Repeat exactly the line with "at 121 Gowing Drive, Meadowbank, Auckland" and each line after it to the end of the data below; pictures stay out.

### [Given information]
-------------------------

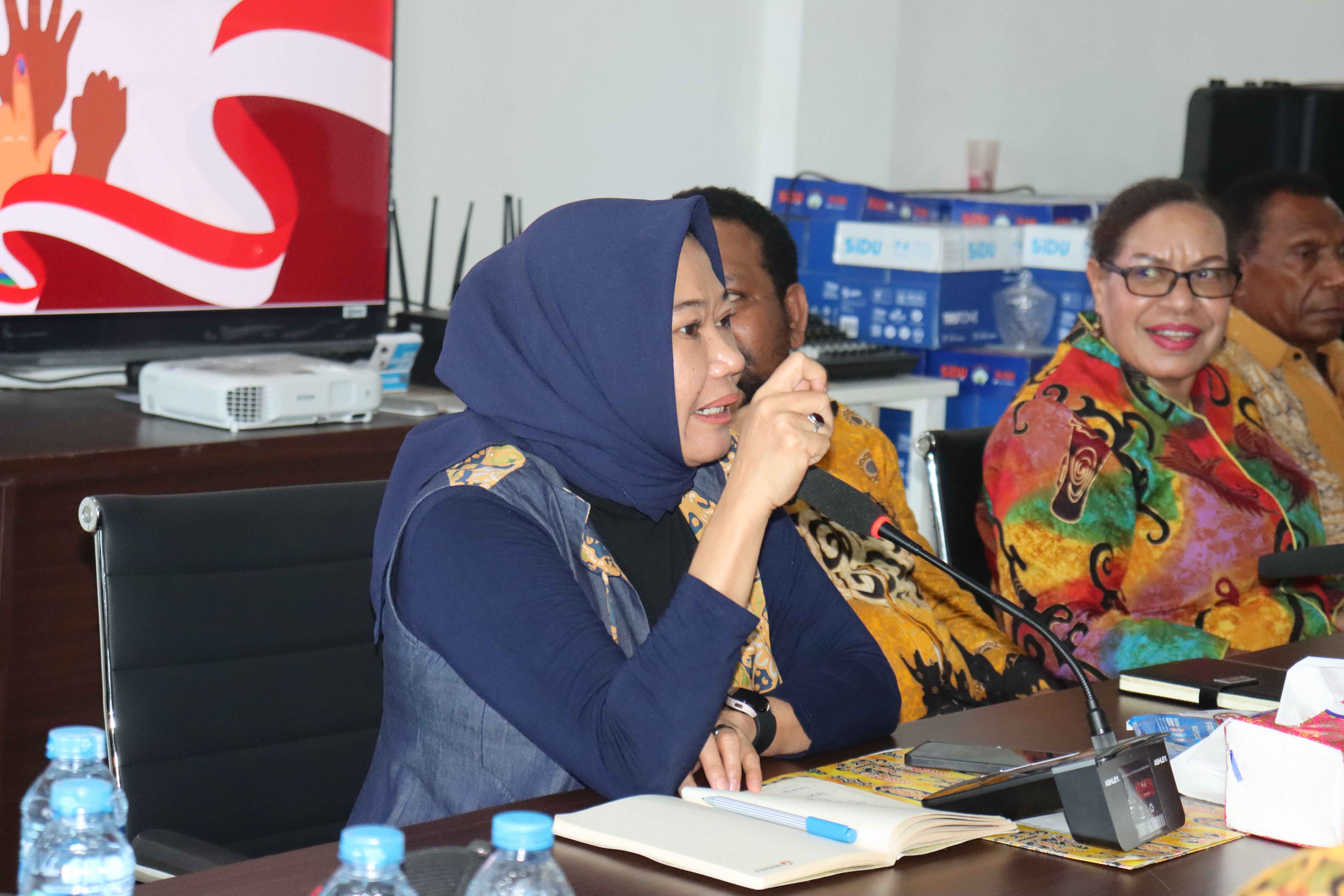 Zatriawati - Kordiv PP Datin Bawaslu Papua Barat Daya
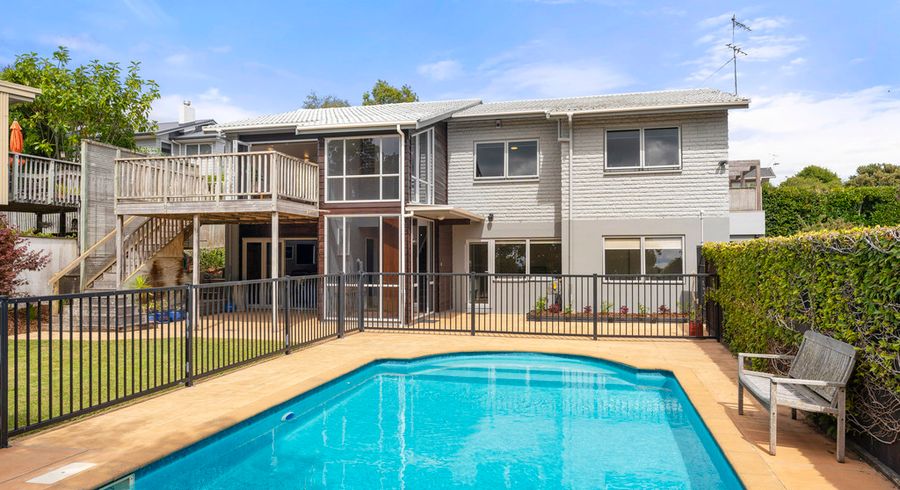  at 121 Gowing Drive, Meadowbank, Auckland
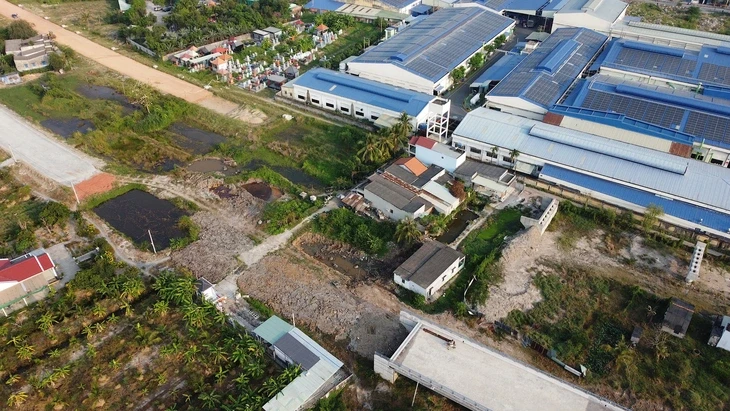 Đường huyết mạch qua Bến Lức làm 3 năm còn vướng mặt bằng, Tây Ninh yêu cầu làm sạch trong tháng 4 Đường huyết mạch qua Bến Lức làm 3 năm còn vướng mặt bằng, Tây Ninh yêu cầu làm sạch trong tháng 4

-------------------------

### [Expected output]
  at 121 Gowing Drive, Meadowbank, Auckland
 Đường huyết mạch qua Bến Lức làm 3 năm còn vướng mặt bằng, Tây Ninh yêu cầu làm sạch trong tháng 4 Đường huyết mạch qua Bến Lức làm 3 năm còn vướng mặt bằng, Tây Ninh yêu cầu làm sạch trong tháng 4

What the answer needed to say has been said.